第46話
「どう?素敵でしょ?」
クラリッサの元から届いたドレスを披露しながらセシルは皆に問いかけた。
「えぇ。とっても素敵なドレスですわ」
ニコラはそう答える。イーナとモニカも頷いている。
「この白いドレスを着ようと思ってるんだけど、どうかしら?」
セシルは数着あるドレスの中からクラリッサが勧めてくれたドレスを体に当てて見せながら皆を見つめる。
「よろしいんじゃございませんか?セシル様にとてもよくお似合いです」
イーナがうっとりしながらそう答えた。漆黒の黒髪を持つセシルに白いドレスは良く似合う。
「やっぱりこれがいいわよね?実は王太后様もこのドレスを勧めてらっしゃったの」
セシルは嬉しそうに微笑みながらそう言った。その様子にニコラは目を細める。そしてセシルが自分以外に母のような存在を得たことを素直に嬉しいと思った。
父親とニコラ以外から愛された記憶がないであろうセシル。それが今、エドアルドに愛され、王太后に愛され、従者達にも愛されている。
苦労は報われるものなのね・・・
ニコラはそう思ってセシルのこれからの人生は今までの分も幸せな物になると確信していた。
「ではセシル様。そろそろ準備を始めましょうか?」
ニコラがそう問いかけるとセシルは笑顔で頷いた。
「綺麗・・・」
白いドレスに身を包んだセシルの姿を見てモニカが思わず呟いた。その声が耳に届いたセシルは照れてほんのり頬を赤く染めた。
「本当に良くお似合いでございます」
イーナもそう言ってセシルを眩しそうな瞳で見つめた。
「有難う、二人とも」
セシルは礼を言いながら姿見に映った自分の姿をまじまじと見つめた。ほんの少しだが、以前より自分に自信が持てるようになったからだろうか。先日、エドアルドに贈られた桃色のドレスに初めて袖を通した時のように似合っていないような、服に着られているというような感じは抱かなかった。ピンと背筋を伸ばし、凛とした表情を見せるセシルの変化にニコラは笑みを浮かべた。

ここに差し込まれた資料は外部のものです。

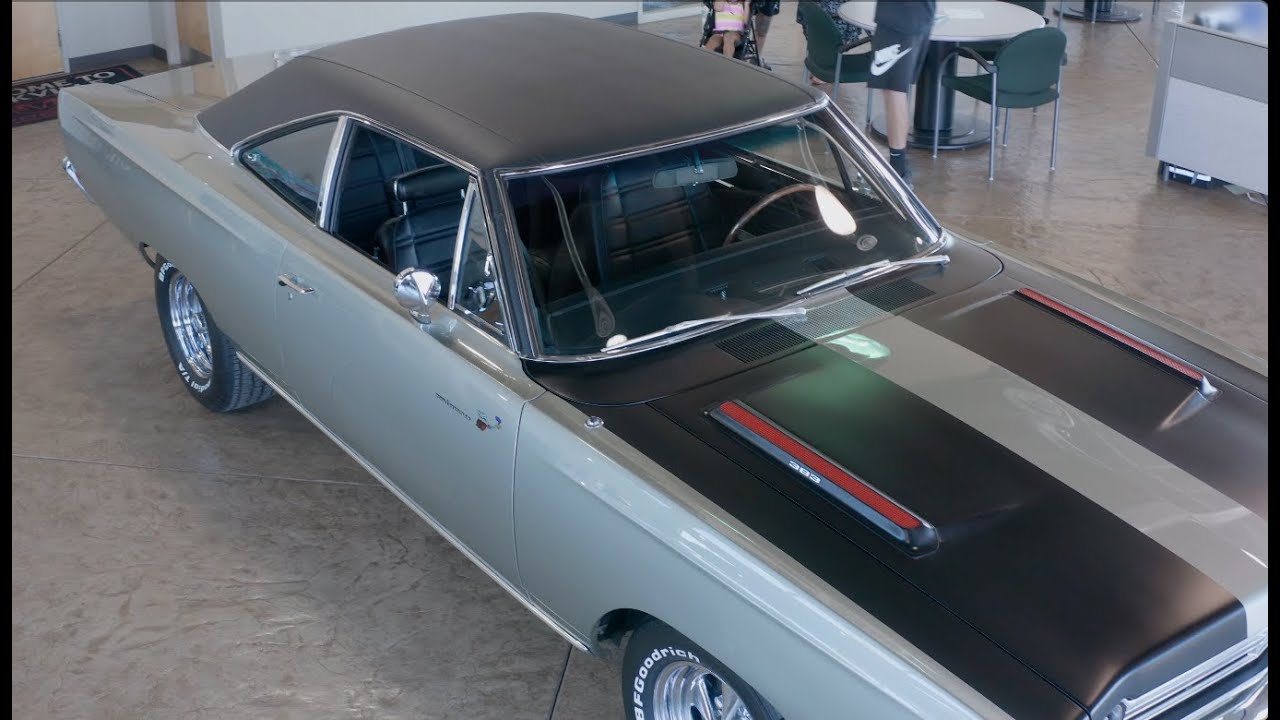 A BRAND NEW 1969 ROAD RUNNER ON A PLYMOUTH SHOWROOM FLOOR IN 2022? ONLY ON GRAVEYARD CARZ!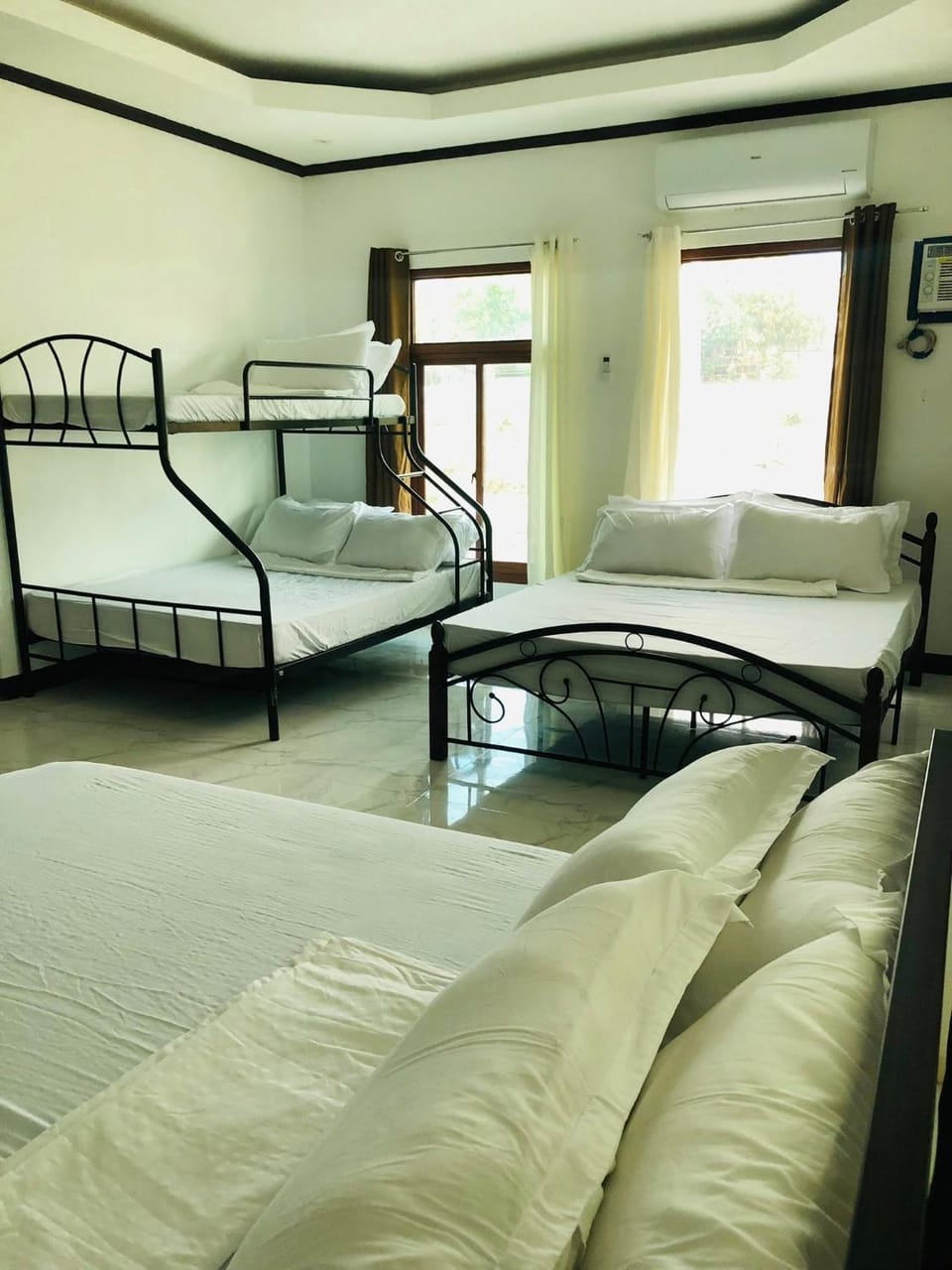 Safe Haven Residence Bed and Breakfast in Central Visayas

「さて、少し早いですが参りましょうか?打ち合わせもありでしょうし」
ニコラはそう言いながらセシルを扉まで誘った。今回も付きそうのはニコラの役目だ。
「えぇ。それじゃ行ってくるわね。イーナ、モニカ」
セシルはニコラに続いて扉に向かいながら二人に声を掛けた。二人はそれを一礼して見送った。
「セシル様、もう参られるのですか?」
扉の前で警護していたアルトゥルが声を掛けた。
「えぇ、少し早いのだけど」
セシルがそう答えるとアルトゥルは詰め所に向かって声を掛けた。
「コンラート、エアハルト。セシル様がお出かけになる」
その声に二人が詰め所から出てくる。それを見たセシルは徐に声を掛けた。
「コンラート、エアハルト、アルトゥル」
突然名を呼ばれて三人は神妙な顔つきでセシルを見つめた。
「・・・大変なことも多いかもしれないけどこれからもよろしくね」
セシルはそう言うと三人に向かって頭を下げた。その様子に三人は顔を見合わせ力強く頷きあった。
「もちろんです。我々は天地神明に誓って、セシル様を御守りして参ります」
コンラートが代表してそう答え、頭を下げた。他の二人もそれに続いた。
「・・・有難う」
そう言ったセシルの顔には満面の笑みが浮かんでいた。
「それでは参りましょうか?どなたか護衛に付いてくださるのですか?」
ニコラがそう問いかけるとコンラートとアルトゥルが一歩前に出た。
「護衛は我々が付きます。エアハルト、部屋の警護を頼む」
コンラートにそう言われてエアハルトは小さく頷き、扉の前に立った。
「それじゃ、行ってくるわね」
セシルはエアハルトに声を掛け、廊下を歩きだした。
「いってらっしゃいませ」
去りゆく背中にそう声を掛けながらエアハルトは今夜の舞踏会が何事も無く終わることを祈った。